Some families have adopted the tradition of deep-frying a turkey. But a mishap when cooking a 15-pound turkey in a vat of extremely hot oil can cause a serious injury. Cooking oil can reach temperatures of more than 400 degrees in a deep fryer so caution should be taken to prevent burning yourself or starting a fire. Water is very dangerous when deep-frying. When water touches hot oil, it vaporizes and may cause oil to splatter and cause burns.

Deep-frying should be done outside on a patio or driveway and not left unattended.

In case a fire breaks out:

  • Always have a kitchen fire extinguisher handy and make sure you know how to use it.
  • Do not try to put out any grease fire including a fire in a deep fryer with water because that can cause it to spread. Turn off the burner and smother the flames with a lid or put baking soda on them.
  • If a grease fire gets completely out of hand, get everyone out of the house and then call 911.

Avoid Food-related Illnesses:

Turkey is always the main course, but if not prepared properly it can make people sick.

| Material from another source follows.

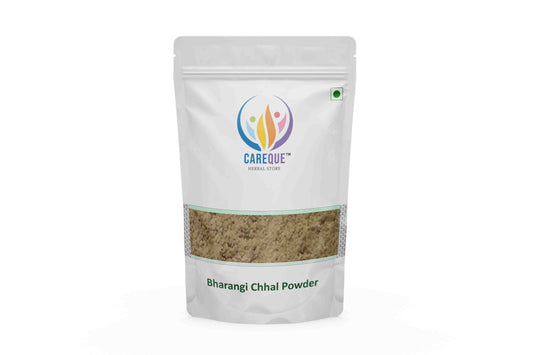 Bharang Chaal Powder-Clerodendrum Serratum-भारंग मूल पाउडर-Bharangi Powder-Serrate glory bower-Bharang Baranghi-Bhadangi Powder-Raw Herbs-Jadi Booti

  • Buy your bird one to two days before cooking and keep it in the refrigerator. Freeze it if you buy it earlier.
  • Thaw in the refrigerator (one day for 4-5 pounds), cold water (30 minutes for every pound) or in a microwave oven (using microwave-safe pan and following manufacturer’s instructions).
  • Start cooking right after thawing and avoid slow cooking or partial cooking. Use at least 165 degrees heat.
  • Cook stuffing separately.
  • Check inner parts of the turkey with a thermometer to make sure they’re cooked.
  • Wash hands with soap and water before and after you handle food.
  • To prevent cross-contamination, don’t handle cooked and raw food at the same time, and avoid putting vegetables or uncooked food with raw meat.
  • Put leftovers in the refrigerator less than two hours after the meal is over and make sure they are eaten within three days. Anything else should be frozen.

Social functions like Thanksgiving are filled with joking, old stories and laughter, making the possibility of choking a very real danger.

  • If someone begins to choke and can’t cough, breathe or speak, call 911.
  • To dislodge food, give five sharp blows to the victim’s back with the heel of your hand.
  • If that doesn’t work, wrap your hands around the person’s abdomen and perform rapid upward thrusts.

Travel tips:

  • If you’re driving to a relative’s house, make sure you know what route to take. Check a GPS before leaving and look at a weather report to make sure roads will be safe.
  • If you’re flying, make plans well in advance to avoid holiday airport congestion.
  • Don’t advertise that you’re going out of town by posting your travel plans on social networks. That could tip off burglars.
  • Give an extra set of keys to a trusted friend or longtime neighbor in case you need someone to go into your house while you’re gone. Let them pick up your mail, too.
  • Check all doors and windows before leaving to make sure they’re secure.
  • Put your lights on a timer to make sure an area of your house is lit at night.
  • Purchase a security alarm system, which will help you throughout the year.

Taking a few common-sense precautions with children, cooking, fire prevention and travel can help you avoid accidents this Thanksgiving and ensure you have a fun holiday with friends and family.